I love getting riders who are unfamiliar with the Uber app and am able to give them their first or second Uber trip. They mostly ask about payment and how the app works. It's so much easier to convince new Uber people that tipping is a thing rather than riders who have grown ungrateful thanks to Uber's marketing.

I can tell them the matching algorithm works really well compared to a taxi for getting them a ride quickly and isn't it nice to know what car and to see a pic of the driver before he/she arrives. Then I say the ride payment is all done electronically and I give them my estimate of the fare. Most are amazed how low it is and ask how can they tip? Even when they don't ask that, I take this as an opportunity to let them know that tipping is normal but only cash at this point. Most of them tip $5 or more, even for a short ride. Last night one guy gave me $10 cash after a minimum fare ride because he was so pleased with my insights about the area and the fact that the fare was so low. Furthermore, I take the opportunity to make sure they rate the driver as it is important to ensure that good drivers stay driving.

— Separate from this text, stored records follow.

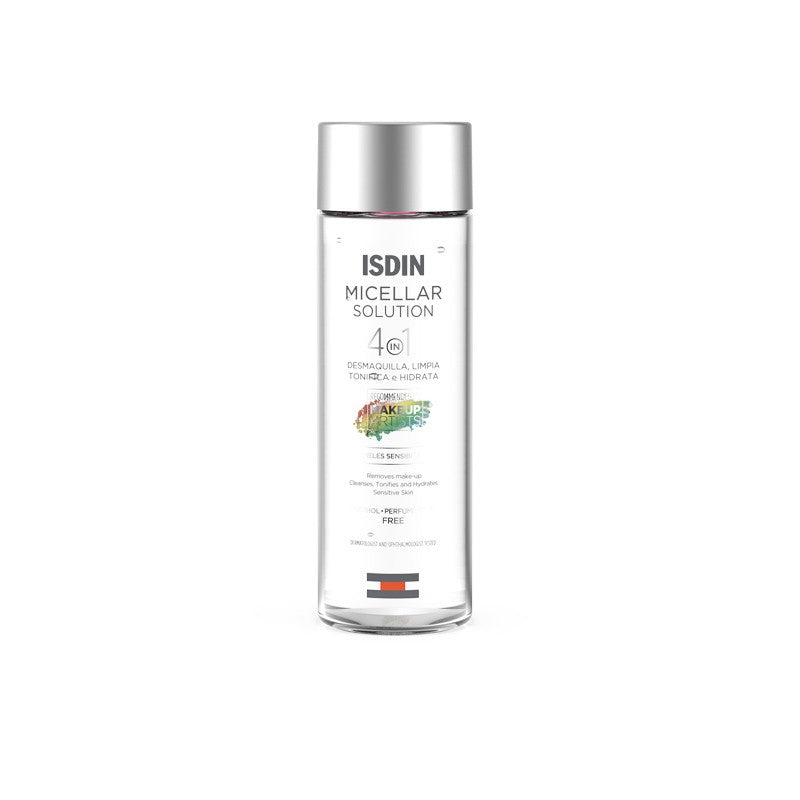 ISDIN Micelar Solution 4 en 1 (100ml)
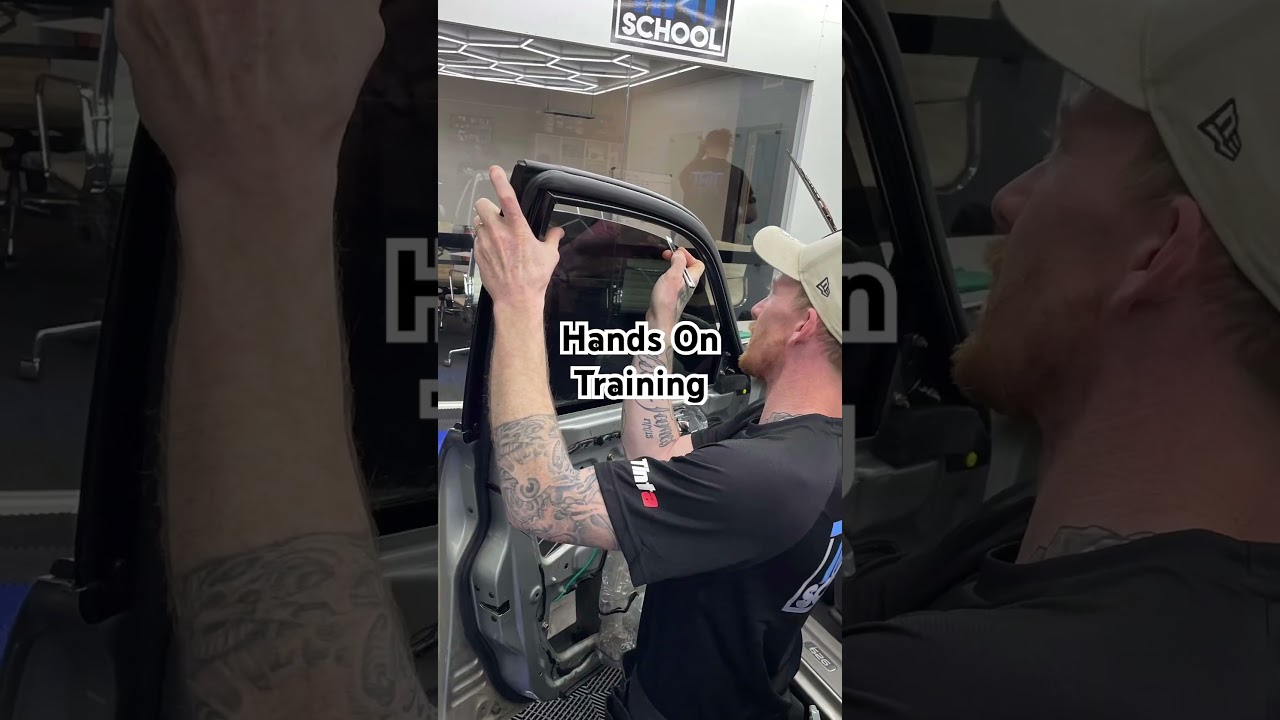Automotive Tint Training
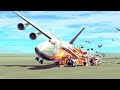 Satisfying airplane crashes 6  besiege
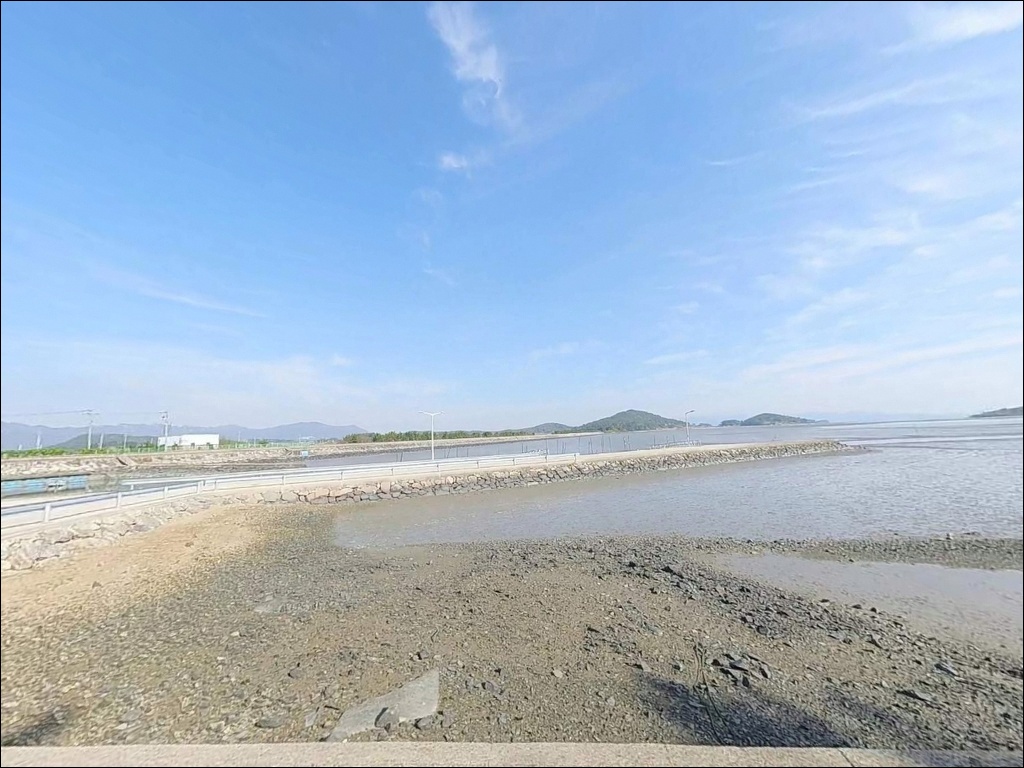 금당리방파제 주변 모습 7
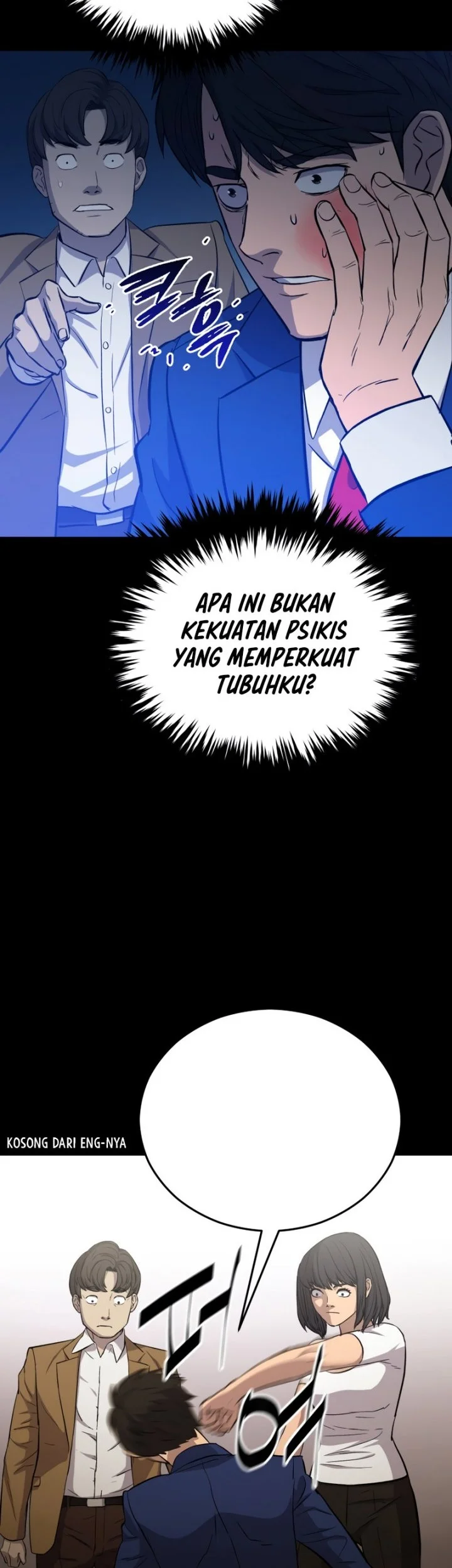 A Gate Opened On My First Day As A Politician Chapter 20 - halaman 49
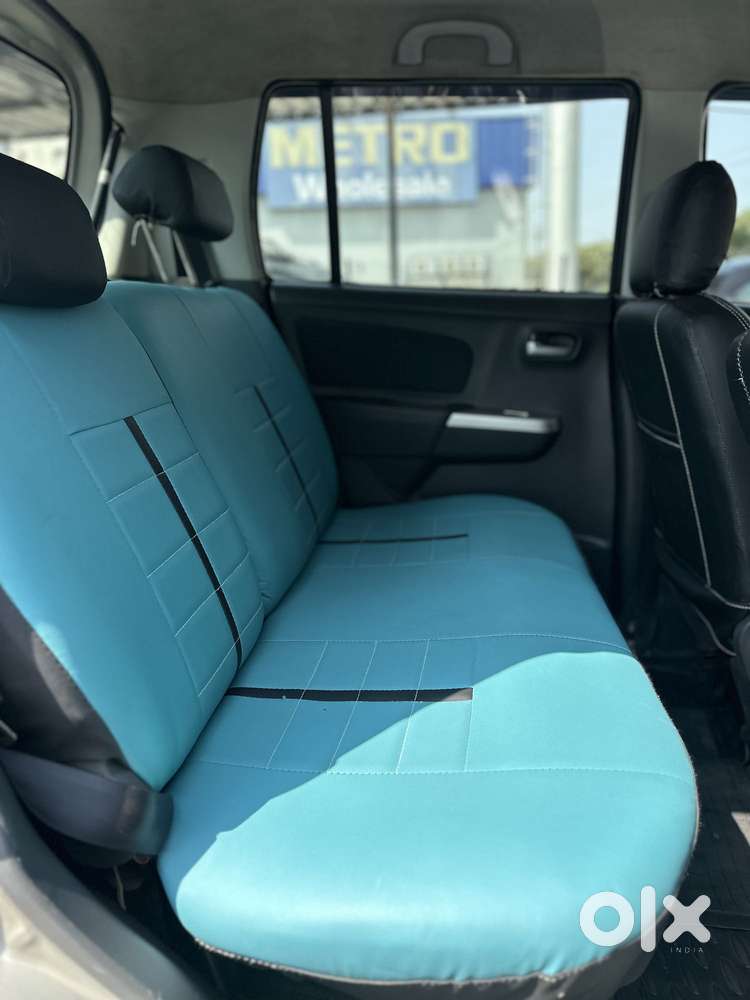 Maruti Suzuki Wagon R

As a rider I always tip the driver, usually $2 for a typical ride but last weekend I left a $5 trip because my ride brought him way into the burbs where he may have a harder time getting another ride.


----------



## NachonCheeze (Sep 8, 2015)

if we could re-educate 1 billion other PAX


----------



## CharlS (Jan 19, 2017)

That is pretty interesting


----------



## steveK2016 (Jul 31, 2016)

NachonCheeze said:


> if we could re-educate 1 billion other PAX


I don't have to re-educate 1 billion other pax. I just have to re-educate the pax in Atlanta.


----------



## Lepke (Oct 24, 2014)

NachonCheeze said:


> if we could re-educate 1 billion other PAX


The Journey of a Thousand Miles begins with the first step.

I just made that up........lol


----------